• _GOAL OF THE EXERCISE_: Transcribe, starting at the line with "a pan filled" and ending at the line with "Modern kitchen featuring", every line of the material below exactly, but leave out the pictures and anything outside that span.

• _RECORD EXCERPTS_:

=== Section Start ===

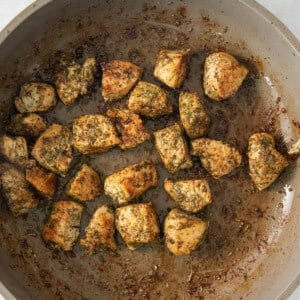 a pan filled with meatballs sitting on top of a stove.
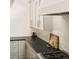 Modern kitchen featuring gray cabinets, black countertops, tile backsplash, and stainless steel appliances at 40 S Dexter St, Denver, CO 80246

=== Section End ===
=== Section Start ===

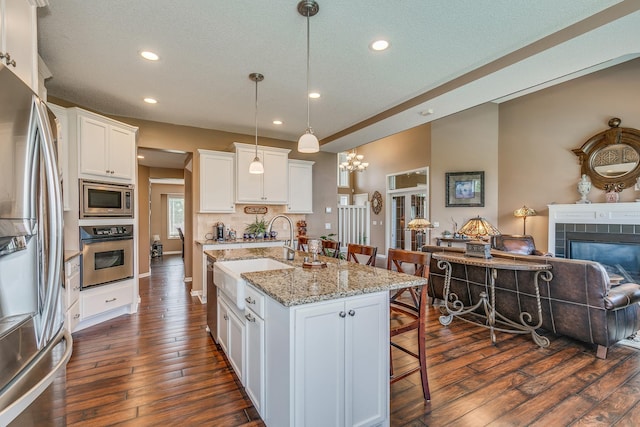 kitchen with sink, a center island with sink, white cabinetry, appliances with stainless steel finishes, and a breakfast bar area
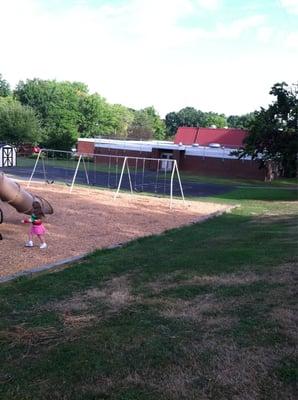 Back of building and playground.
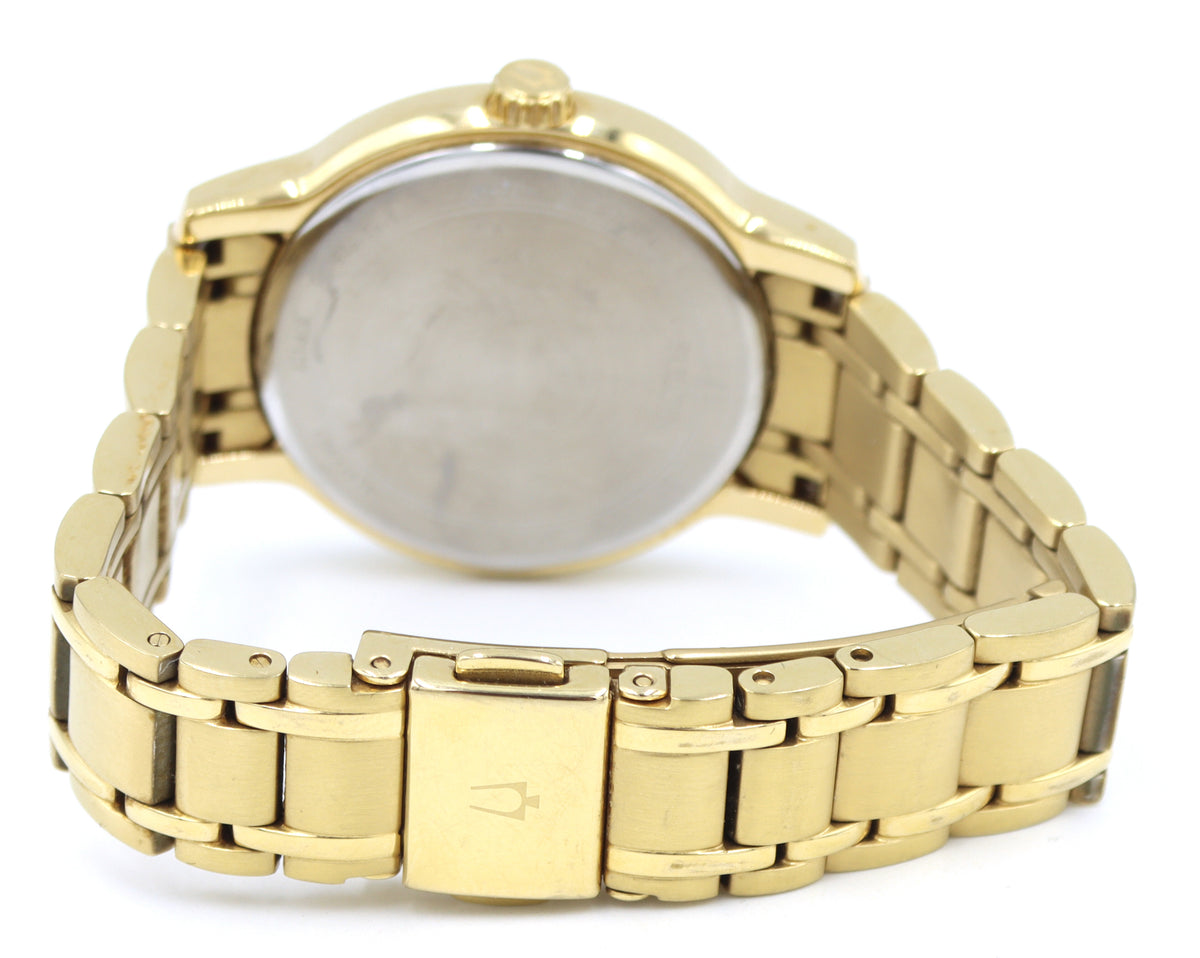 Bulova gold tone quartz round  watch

=== Section End ===

• _ANSWER BOX_:
 a pan filled with meatballs sitting on top of a stove.
 Modern kitchen featuring gray cabinets, black countertops, tile backsplash, and stainless steel appliances at 40 S Dexter St, Denver, CO 80246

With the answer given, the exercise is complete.